> EXERCISE: Once the pictures are set aside, reproduce the remaining data exactly.

> DATA SUPPLIED:
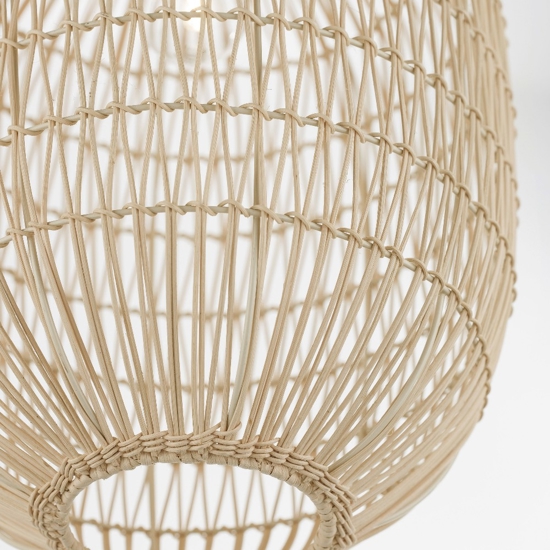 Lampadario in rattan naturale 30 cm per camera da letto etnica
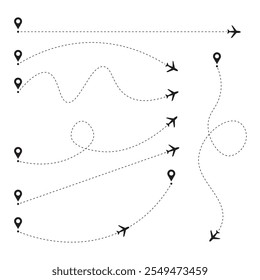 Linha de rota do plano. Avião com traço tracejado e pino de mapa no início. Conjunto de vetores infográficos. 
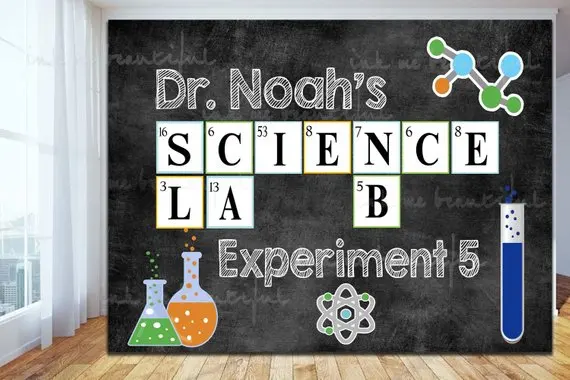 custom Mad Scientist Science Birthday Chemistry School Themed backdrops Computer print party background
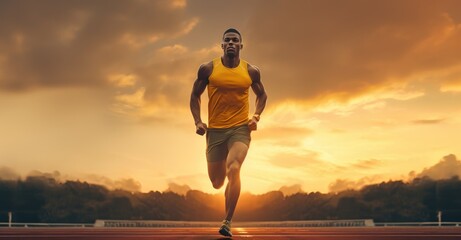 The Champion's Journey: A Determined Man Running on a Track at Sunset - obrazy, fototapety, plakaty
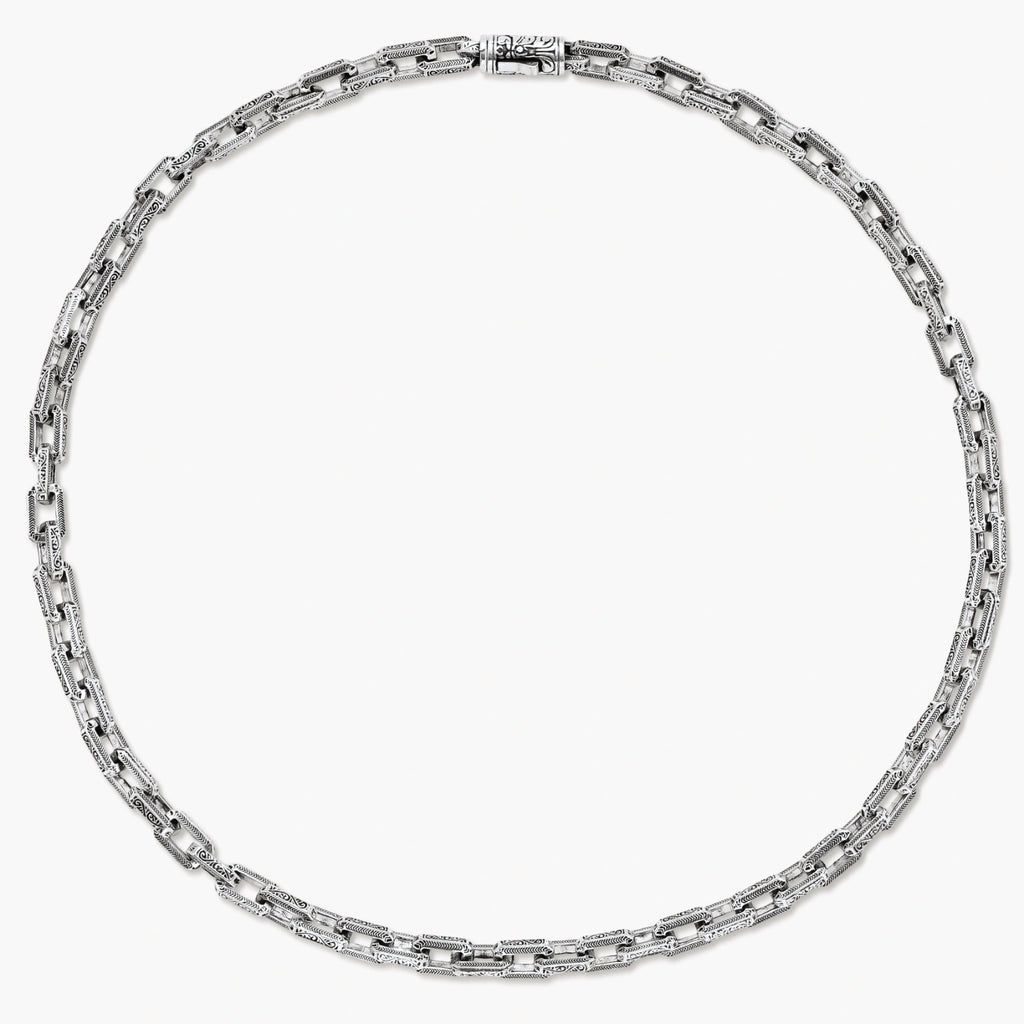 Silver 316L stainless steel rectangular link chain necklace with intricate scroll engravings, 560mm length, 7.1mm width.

> FINISHED TASK:
 Lampadario in rattan naturale 30 cm per camera da letto etnica
 Linha de rota do plano. Avião com traço tracejado e pino de mapa no início. Conjunto de vetores infográficos. 
 custom Mad Scientist Science Birthday Chemistry School Themed backdrops Computer print party background
 The Champion's Journey: A Determined Man Running on a Track at Sunset - obrazy, fototapety, plakaty
 Silver 316L stainless steel rectangular link chain necklace with intricate scroll engravings, 560mm length, 7.1mm width.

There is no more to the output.